The opening of Rebels was perfectly timed as the rock scene exploded in the mid-1980s with the rise of spandex-charged hair metal following the rise of the New Wave of British Heavy Metal genre a few years earlier.
Rebels was a true Sheffield institution. It was a blur of endless flights of stairs, Red Stripe, bleached hair and rock ‘n’roll.
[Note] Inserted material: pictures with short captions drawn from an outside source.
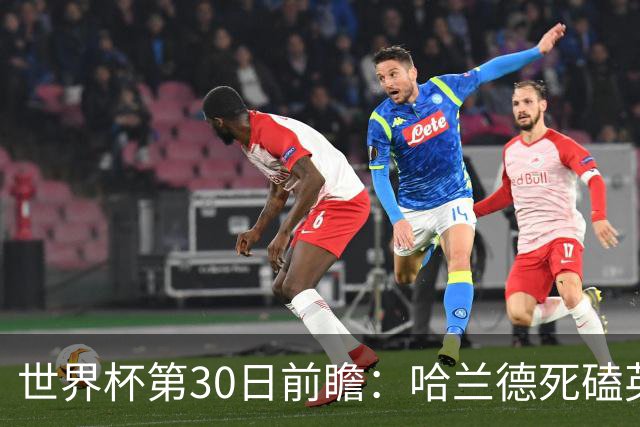 世界杯第30日前瞻：哈兰德死磕英格兰 阿根廷严防爆冷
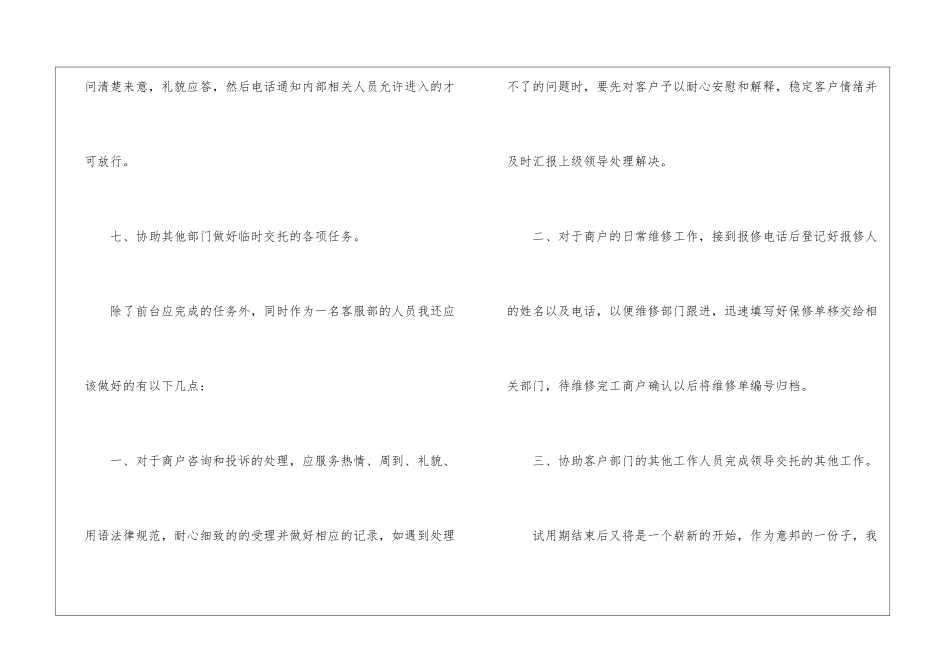 物业前台试用期转正工作总结_第3页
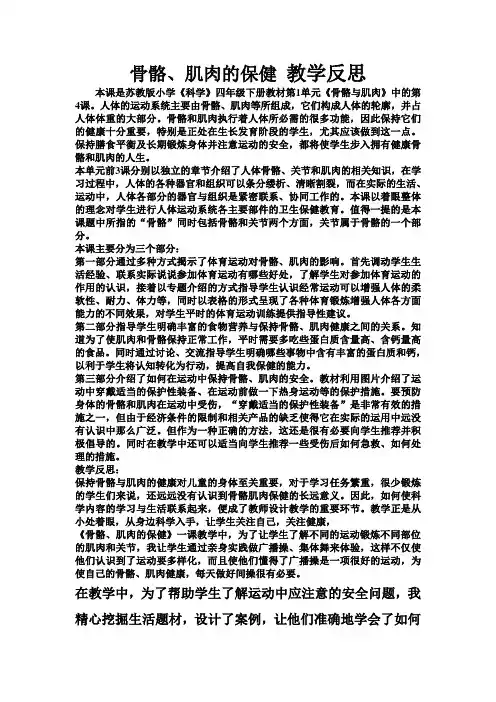 教学反思
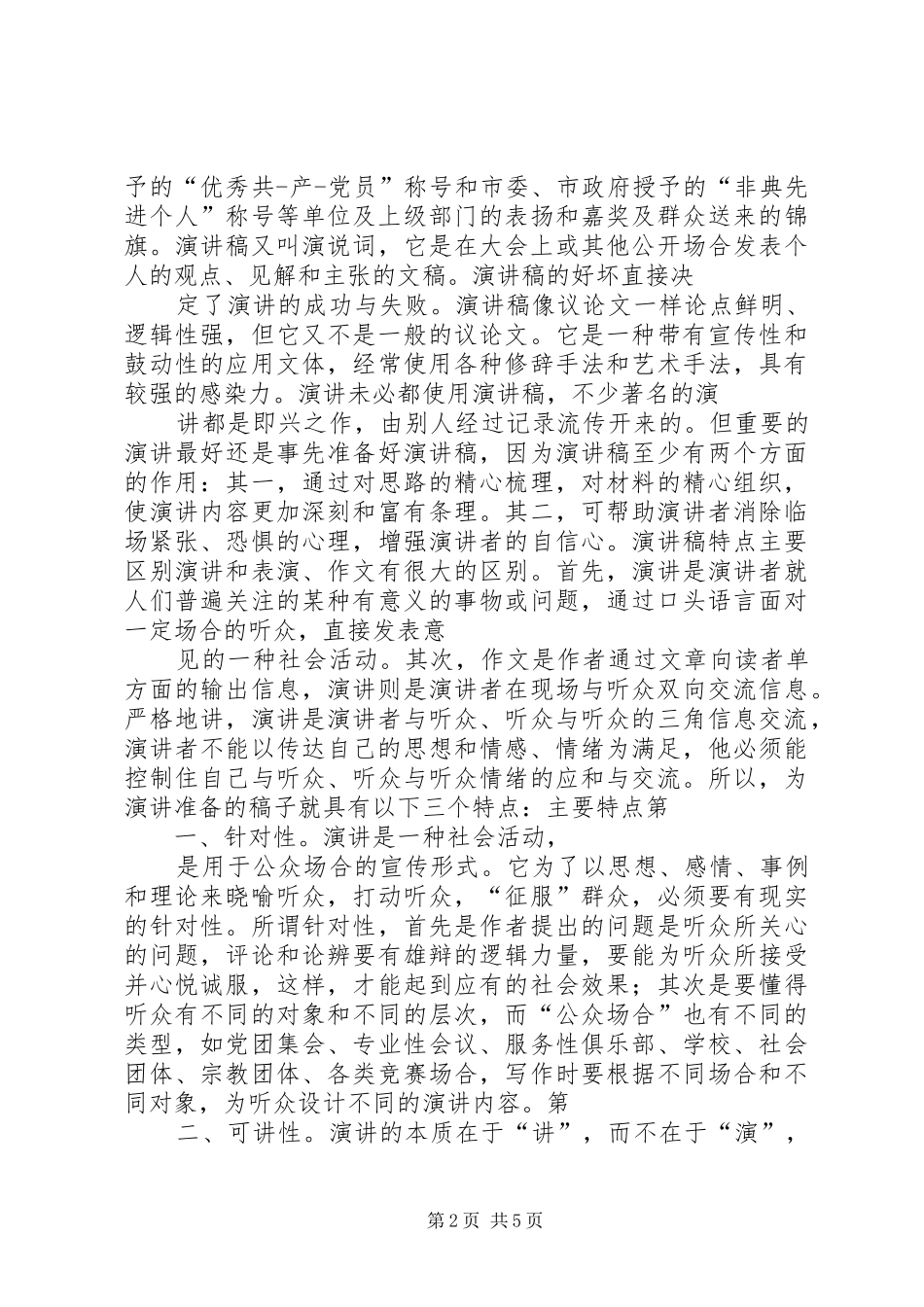 医生竞聘上岗演讲稿范文_第2页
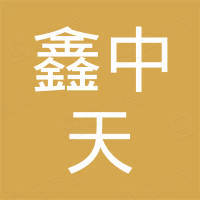 深圳市鑫中天电子有限公司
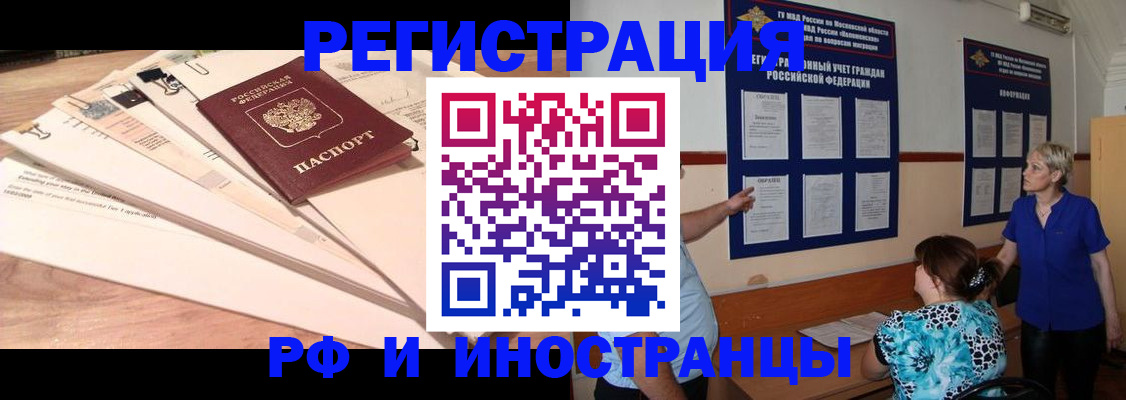 прописка штамп в Щиграх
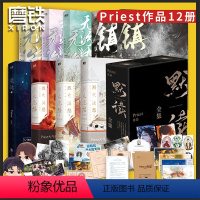 [正版]P大套装12册合集priest小说 默读3册礼盒+烈火浇愁123+镇魂12+无公害无污染123+脱轨 青春文学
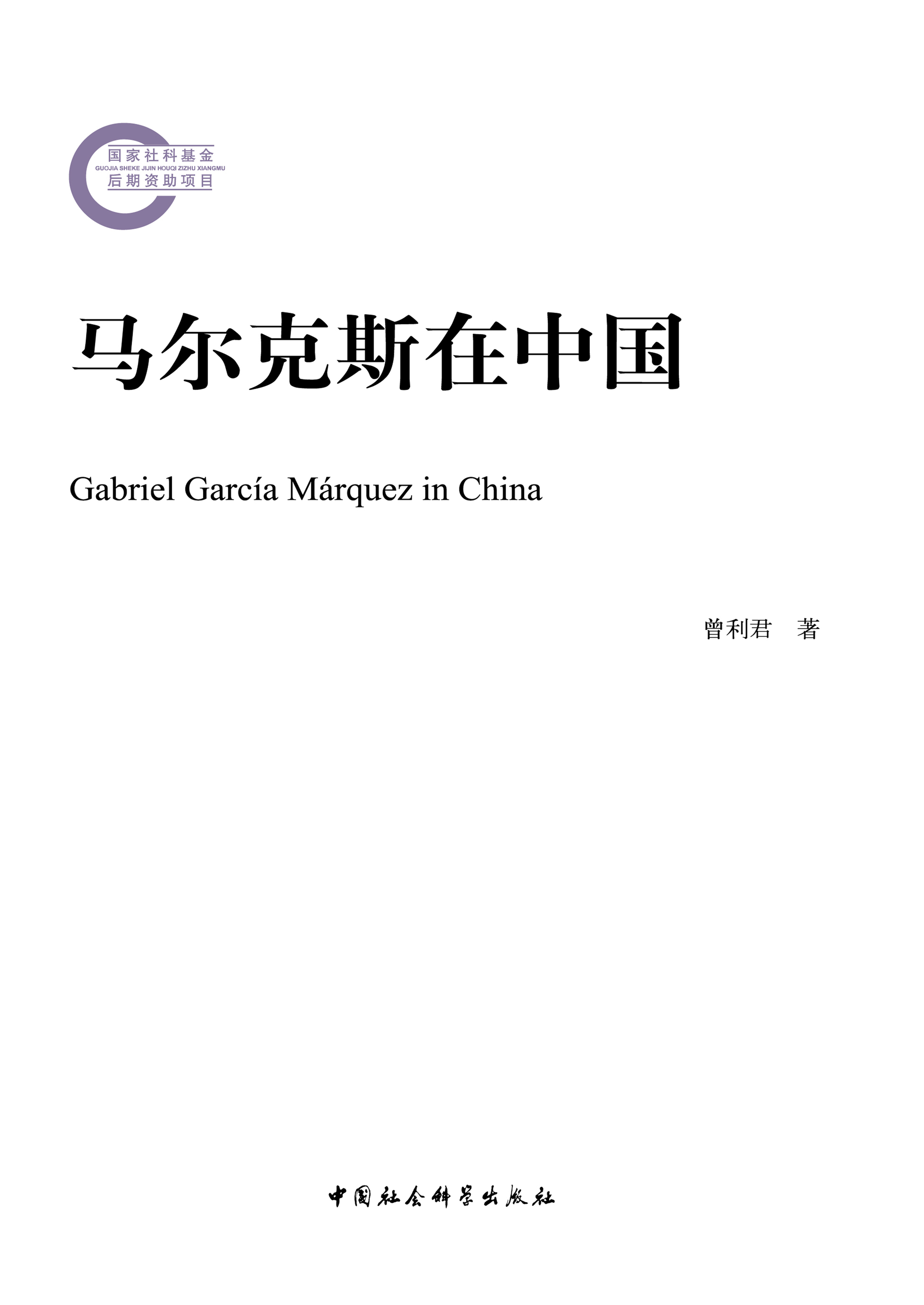 马尔克斯在中国
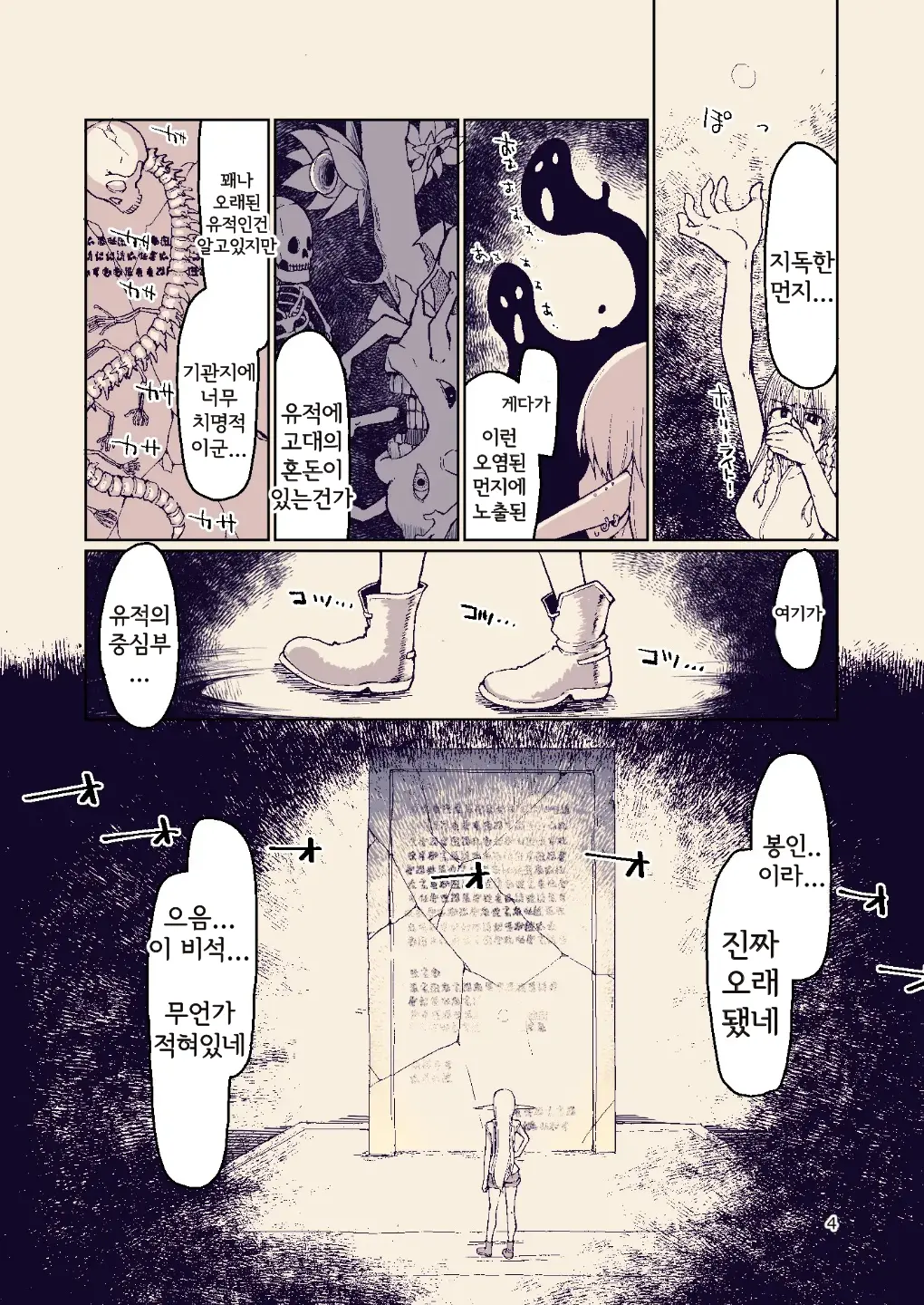 Dosukebe Elf No Ishukan Nikki 8 | 호색한 엘프의 이종간일기 8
DJ Lez Wright took over the disc spinning duties in later years – his roots can be traced right back to the Buccaneer – with Rebels becoming one of the most popular rock clubs in the whole country towards the end of the 1980s.Rebels regular Phil Staniland remembers: “After ascending up the multi flighted and very steep staircase you entered the club on the top floor and paid through some kind of hole in the wall. Then you ventured into a dark black-walled room with music blasting out even beyond volume 11! It was a great club and not just popular with rockers. You’d always see a group of ‘stray’ townies or a bunch of hen party girls who at that stage in the night fancied something a little different to the ‘norm’. In the DJ’s box you had the ‘unsurpassable Lez’ at the controls giving the public exactly what they wanted. This being every rock classic under the sun delivered in a barrage of sound assaulting the senses along with Lez’s memorable one liners over the mike such as “Come on Rebels F**kin’ Rock ‘n’ Roll!!!!!””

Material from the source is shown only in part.